- About this task -
Please write out exactly the line containing "this 900×1200 image." below and every line after it, through the last one, but leave out any pictures.

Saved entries
□ □ □
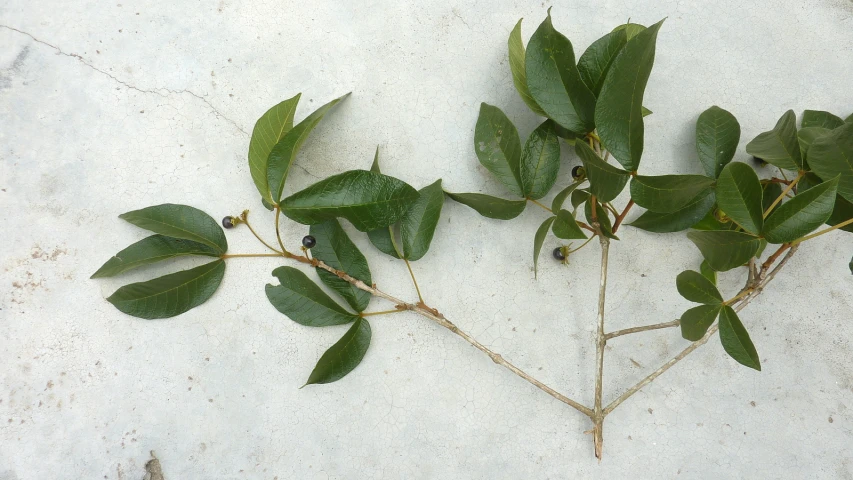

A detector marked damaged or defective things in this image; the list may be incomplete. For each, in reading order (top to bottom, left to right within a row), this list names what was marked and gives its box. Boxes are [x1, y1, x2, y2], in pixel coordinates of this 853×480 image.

crack in concrete [0, 24, 246, 137]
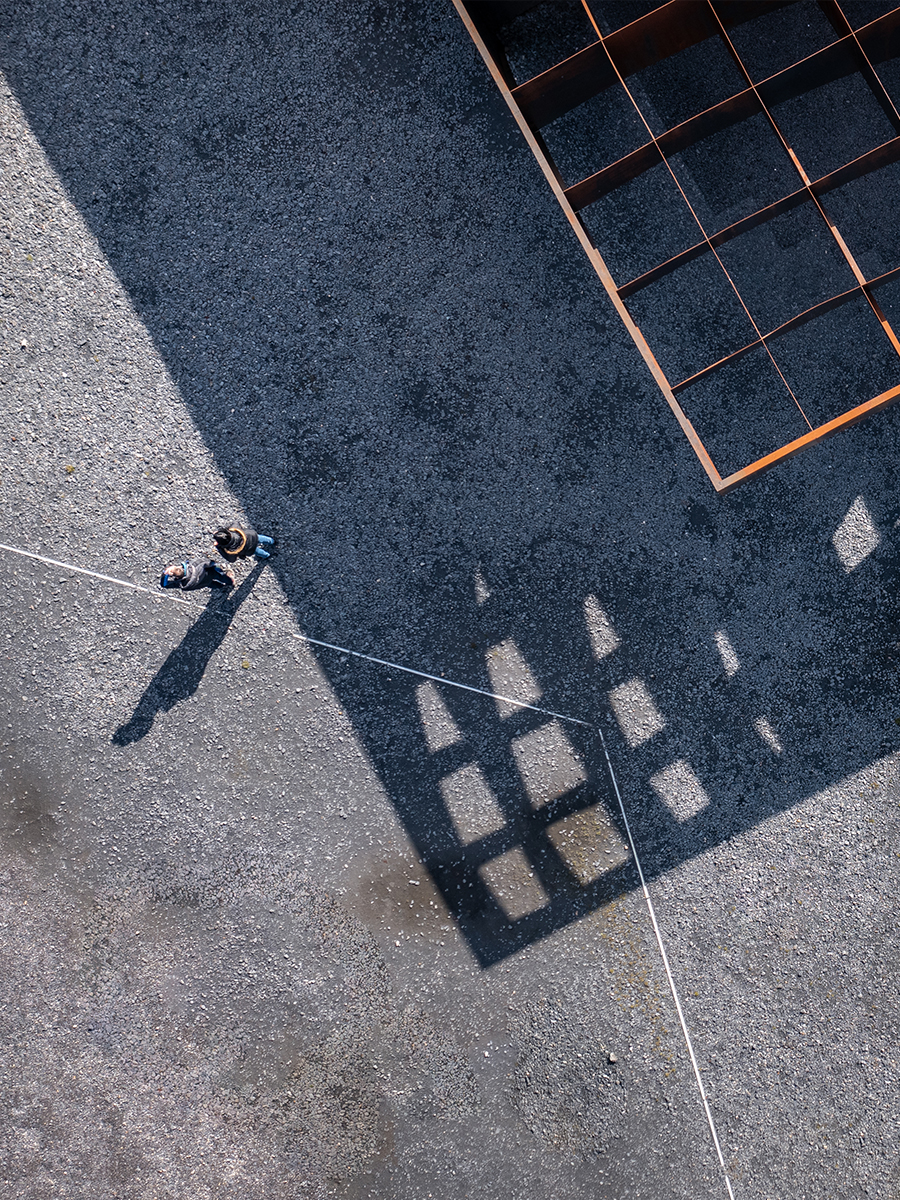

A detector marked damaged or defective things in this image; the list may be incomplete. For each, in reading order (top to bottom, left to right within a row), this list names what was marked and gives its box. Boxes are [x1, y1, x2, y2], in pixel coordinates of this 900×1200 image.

rusted metal frame [451, 0, 724, 492]
rusted metal frame [513, 0, 796, 131]
rusty steel grid structure [453, 0, 900, 492]
rusted metal frame [619, 131, 900, 297]
rusted metal frame [715, 9, 900, 357]
rusted metal frame [820, 1, 900, 133]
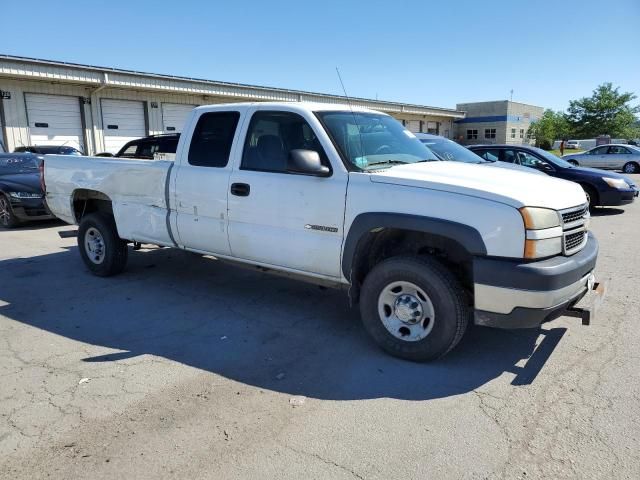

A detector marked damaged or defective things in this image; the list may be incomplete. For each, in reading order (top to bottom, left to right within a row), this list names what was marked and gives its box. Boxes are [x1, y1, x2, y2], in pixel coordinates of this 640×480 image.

dent on truck door [174, 110, 241, 253]
dent on truck door [225, 110, 344, 276]
cracked pavement [1, 176, 640, 480]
□ □ □
- Response for this exercise -
A detector marked damaged or defective things in this image; the list may be incomplete. For each, in reading order (top to bottom, left to right within a row), this list names what was marked and gives its box. Boxes are [x1, y1, x2, y2], in pixel coordinates of this 900×1200 image.

rusted metal frame [451, 0, 724, 492]
rusted metal frame [513, 0, 796, 131]
rusty steel grid structure [453, 0, 900, 492]
rusted metal frame [619, 131, 900, 297]
rusted metal frame [715, 9, 900, 357]
rusted metal frame [820, 1, 900, 133]

A detector marked damaged or defective things in this image; the list may be incomplete. For each, in reading order (top to bottom, left to right within a row), this list names what was marked and gives its box. Boxes are [x1, y1, x2, y2], in pixel coordinates of this 640×480 image.

dent on truck door [174, 110, 241, 253]
dent on truck door [225, 110, 344, 276]
cracked pavement [1, 176, 640, 480]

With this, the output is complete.